The problem →
Copy the data verbatim and leave out every picture.

Data →
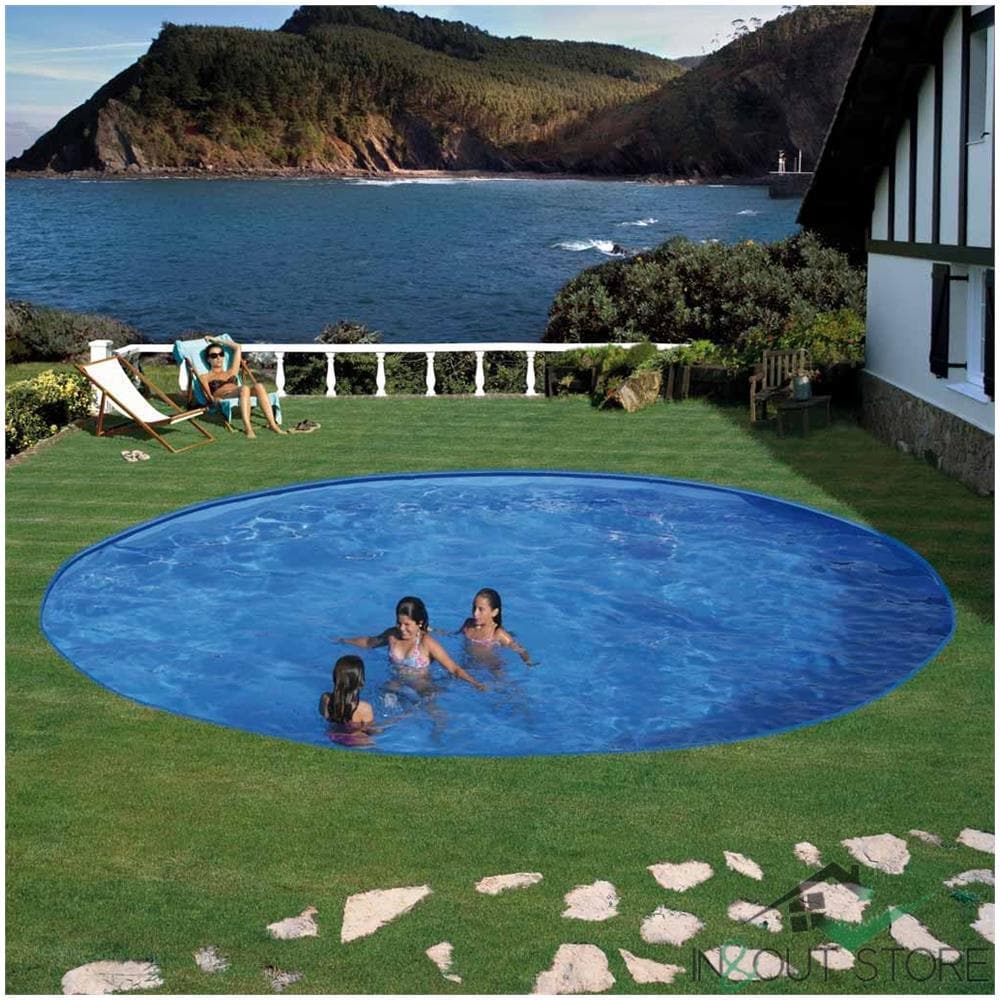 Piscina Interrata Rotonda Madagascar Kpe4259 Gre 420x420x150 - Foto 1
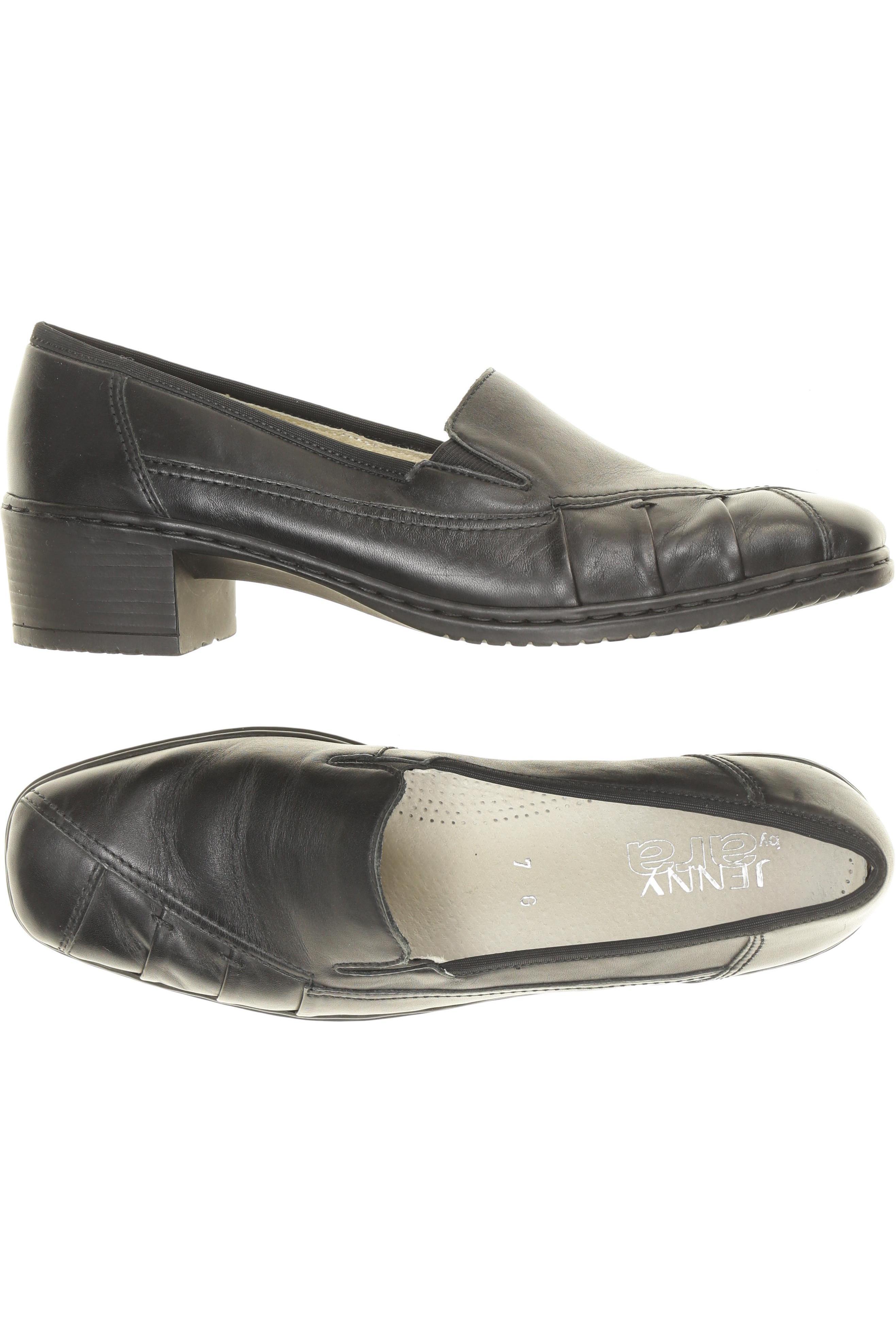 

Ara Damen Halbschuh, schwarz, Gr. 7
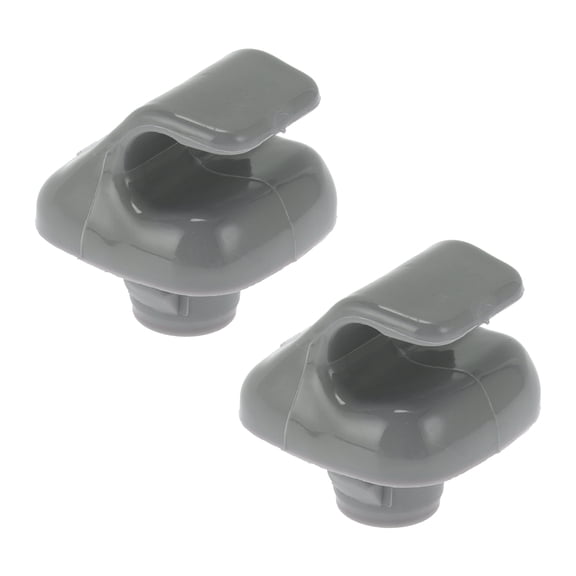 Unique Bargains Sun Visor Clip for Honda Civic 1996-2004 Sunvisor Inner Clip Gray No.88217-S01-A01ZA/88217-S04-003ZA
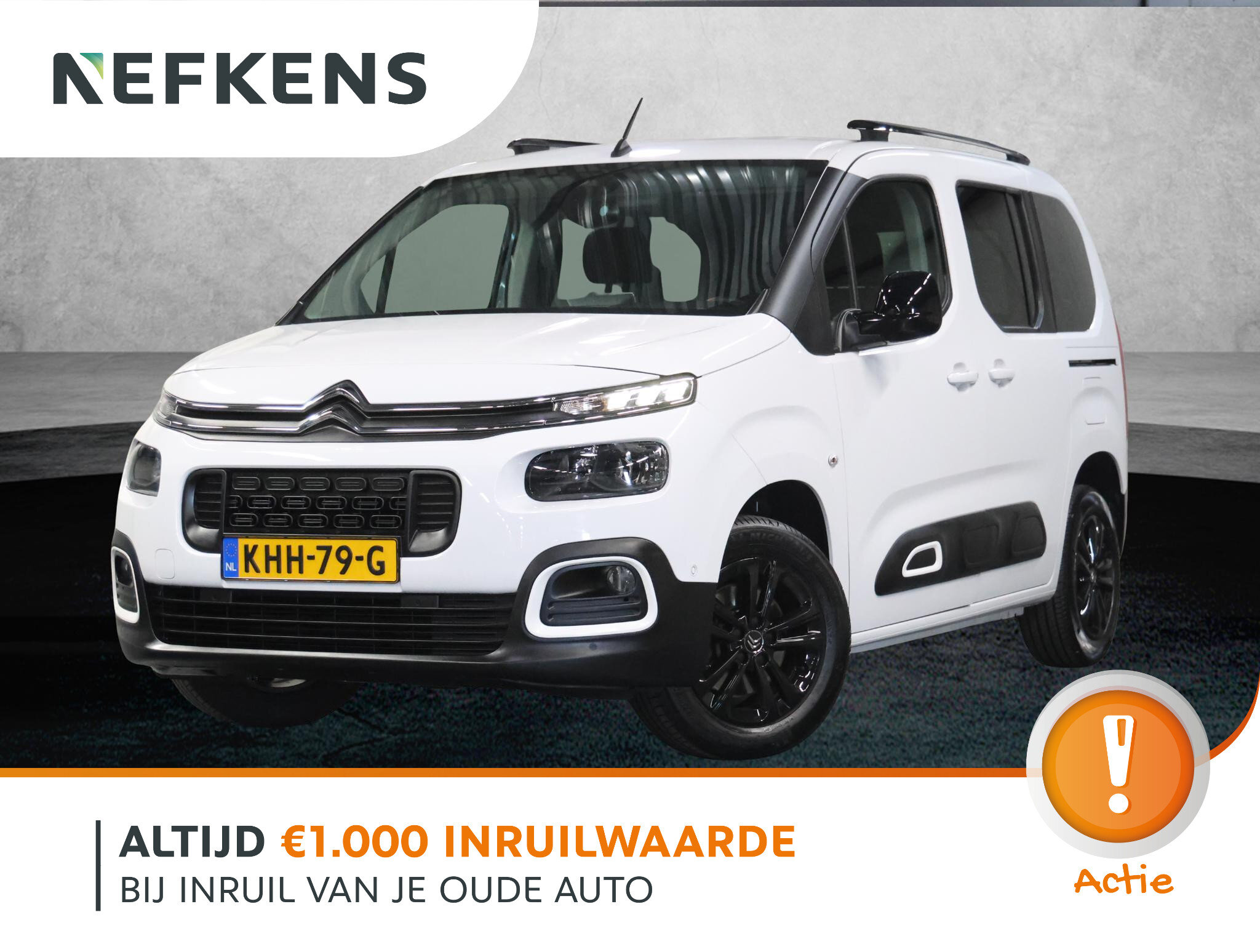 Citroën Berlingo 1.2 130PK Feel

Exercise answer →
 Piscina Interrata Rotonda Madagascar Kpe4259 Gre 420x420x150 - Foto 1

Ara Damen Halbschuh, schwarz, Gr. 7
 Unique Bargains Sun Visor Clip for Honda Civic 1996-2004 Sunvisor Inner Clip Gray No.88217-S01-A01ZA/88217-S04-003ZA
 Citroën Berlingo 1.2 130PK Feel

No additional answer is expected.